Question

Selecting the correct experimental design for edgeR differential expression analysis

0

Entering edit mode

2.3 years ago

PeakGosling • 0

Hi all,

I have some bulk RNA-Seq data obtained from exposing cells from a cell line to 5 different treatments (A, B, C, D and E), along with a medium-only control. This experiment was repeated 5 times (on different passages of the cells, with 1 experiment per week). I am interested in generated lists of DEGs for each treatment vs control (i.e. A vs Ctrl, B vs Ctrl etc...).

I have generated said lists of DEGs using various different experimental designs described in the edgeR Users Guide:

Grouped - where design = model.matrix(~0+Treatment)
Paired - where design = model.matrix(~Replicate+Treatment)
Paired (with blocking) - where design also = model.matrix(~Replicate+Treatment)

Where Treatment is either Ctrl, A, B, C, D, or E and Replicate is a number 1-5.

I find that the paired design is much more stringent than the paired design with blocking (~half the number of DEGs). Could somebody please suggest which is most suitable for my use case?

Thanks in advance!

Blocking RNA-Seq Paired edgeR Design Experimental • 1.8k views

ADD COMMENT • link 2.3 years ago by PeakGosling • 0

1

Entering edit mode

I don't know what you mean by "blocking". edgeR has no blocking mechanism other than putting the Replicate variable into the design matrix, so what you mean by option 3 is unclear. How does option 3 differ from 2?

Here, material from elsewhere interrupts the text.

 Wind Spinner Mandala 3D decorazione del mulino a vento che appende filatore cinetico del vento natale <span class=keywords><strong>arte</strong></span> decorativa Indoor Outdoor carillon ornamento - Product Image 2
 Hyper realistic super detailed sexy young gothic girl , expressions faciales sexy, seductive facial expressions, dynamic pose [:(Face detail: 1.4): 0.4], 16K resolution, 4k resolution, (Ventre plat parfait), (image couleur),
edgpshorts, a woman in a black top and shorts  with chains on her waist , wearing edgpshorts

ADD REPLY • link 2.3 years ago by Gordon Smyth ★ 7.1k

0

Entering edit mode

Apologies - I followed section 3.4.2 in the edgeR user guide here; this allowed me to select the pairwise comparisons of interest using the coef function.

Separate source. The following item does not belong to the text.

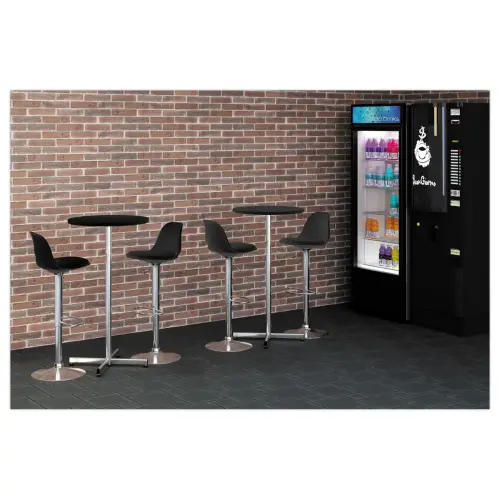 2 Tabourets BOBBA pied alu assise noire photo du produit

Option 2 I followed section 3.4.1 of the user guide, only inputting a single pairwise comparison at a time (as in I import data for treatment A and control, for example.

ADD REPLY • link 2.3 years ago by PeakGosling • 0

1

Entering edit mode

Sections 3.4.1 and 3.4.2 of the User's Guide are identical in your case where your blocking variable as 5 levels. There is no difference between the approach taken in the two sections.

Are you saying that you have actually made 5 different subsets of the data, and in option 2 you are running edgeR on 5 different subsets, each with only one treatment in the dataset? We don't recommend subsetting datasets.

ADD REPLY • link 2.3 years ago by Gordon Smyth ★ 7.1k

0

Entering edit mode

Yes - I made 5 subsets. That would explain the difference in results. Thanks for your help, Gordon!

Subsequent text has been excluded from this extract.